What the task requires » Restate word for word the lines below from the one that has "Putri pertama Aa" through the one that has "Isay 18.5'' H Fabric Upholstered Armchair", keeping both and dropping all pictures.
*** Opening of Provided data ***
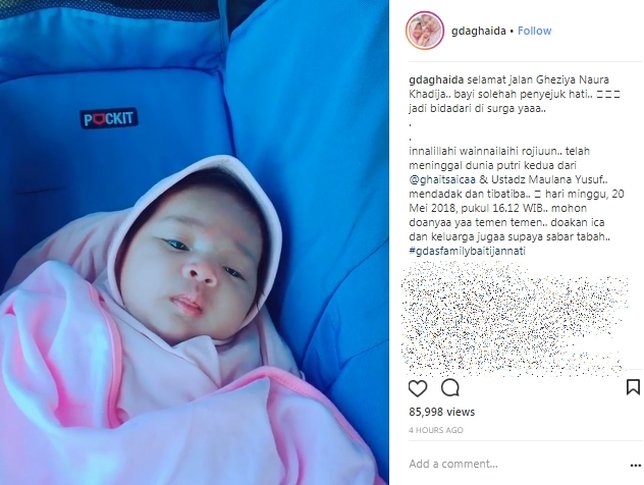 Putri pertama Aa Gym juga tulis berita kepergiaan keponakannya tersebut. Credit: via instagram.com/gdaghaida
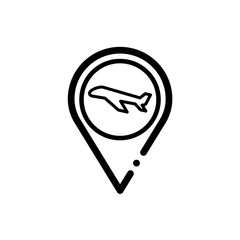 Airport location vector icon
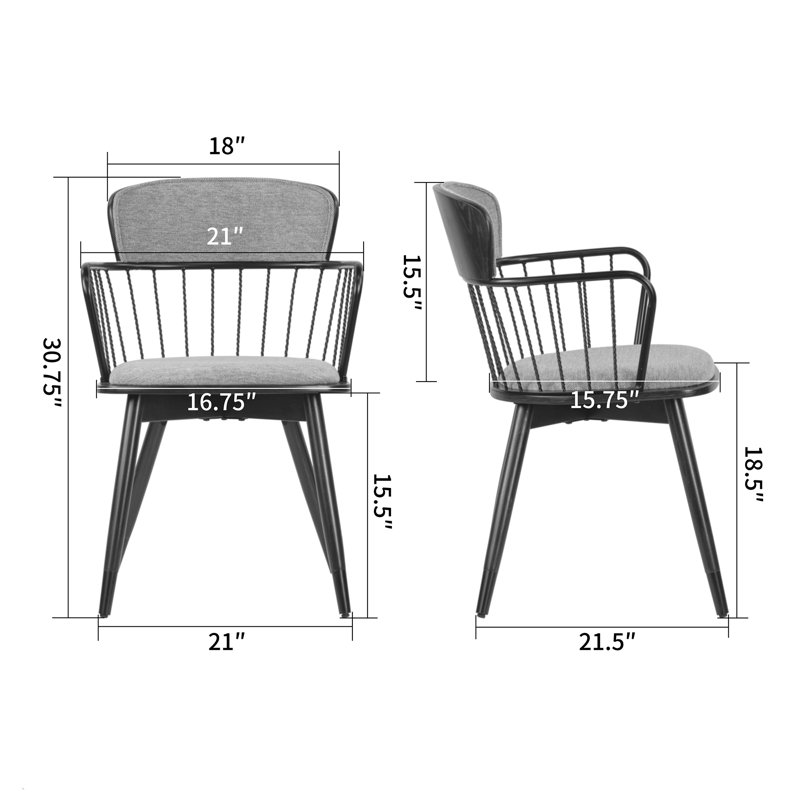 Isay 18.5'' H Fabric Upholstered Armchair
*** Close of Provided data ***
*** Opening of Provided data ***
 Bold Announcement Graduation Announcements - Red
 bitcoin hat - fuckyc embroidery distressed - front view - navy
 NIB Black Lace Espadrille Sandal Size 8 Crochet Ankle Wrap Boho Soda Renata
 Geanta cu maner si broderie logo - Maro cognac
*** Close of Provided data ***
*** Opening of Provided data ***
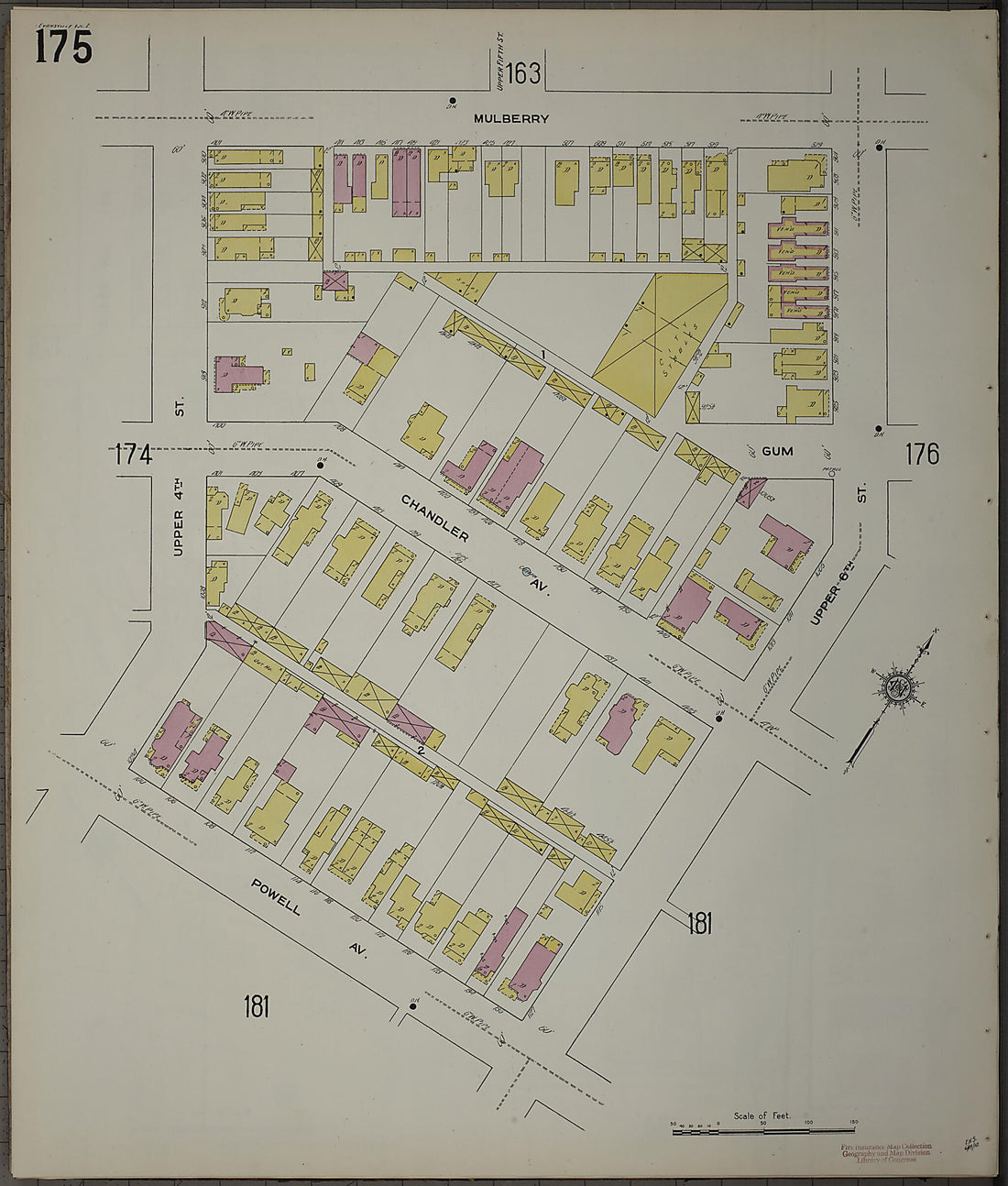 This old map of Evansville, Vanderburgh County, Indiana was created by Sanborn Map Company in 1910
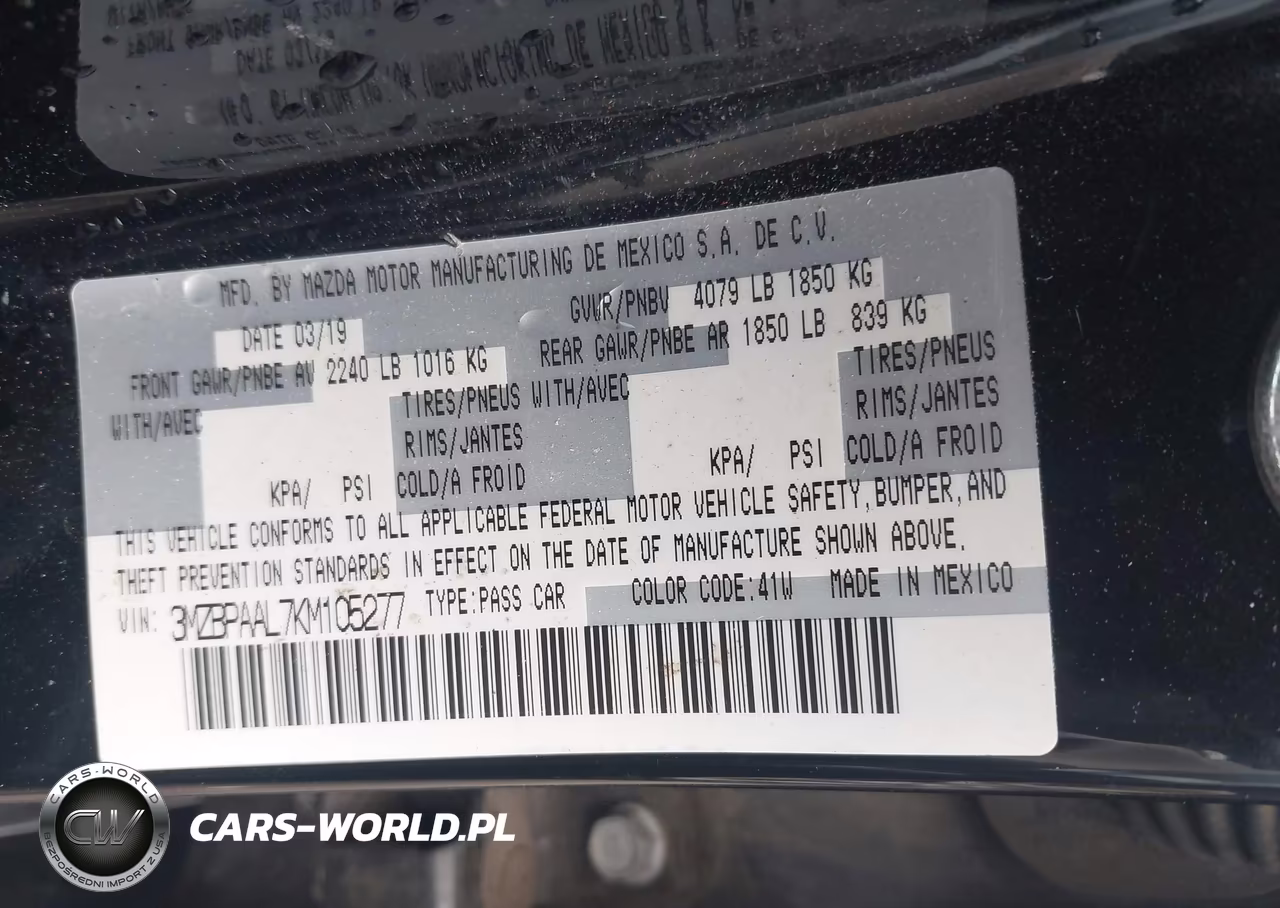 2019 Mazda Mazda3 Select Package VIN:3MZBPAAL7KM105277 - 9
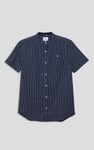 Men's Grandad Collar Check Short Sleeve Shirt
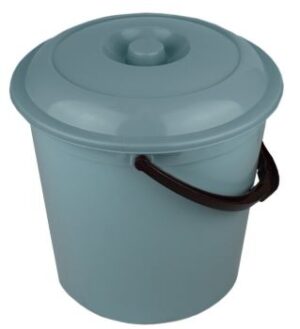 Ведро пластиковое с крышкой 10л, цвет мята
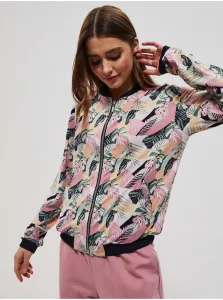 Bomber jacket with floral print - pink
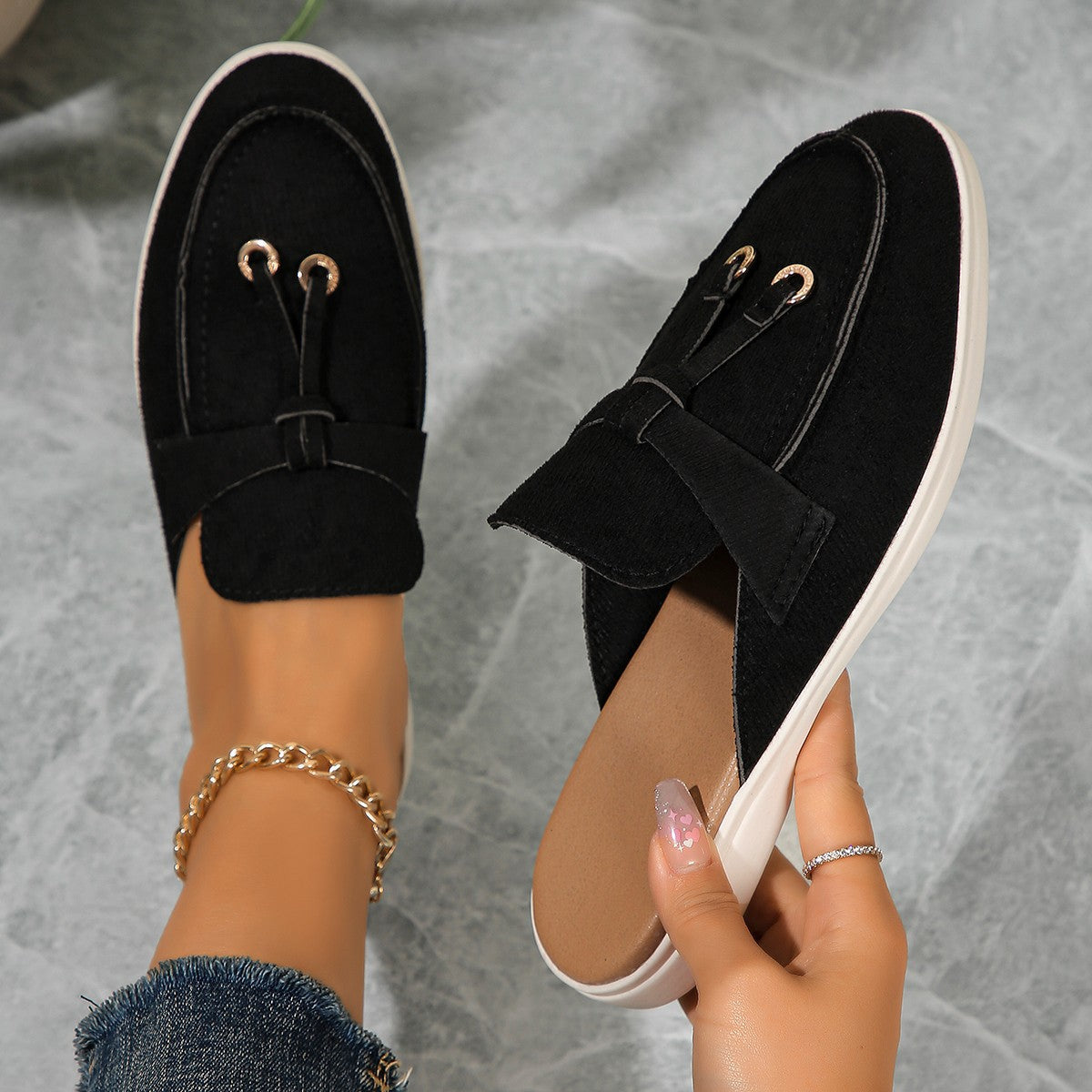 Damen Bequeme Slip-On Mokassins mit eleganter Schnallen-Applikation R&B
*** Close of Provided data ***
Answer to the exercise »
 Putri pertama Aa Gym juga tulis berita kepergiaan keponakannya tersebut. Credit: via instagram.com/gdaghaida
 Airport location vector icon
 Isay 18.5'' H Fabric Upholstered Armchair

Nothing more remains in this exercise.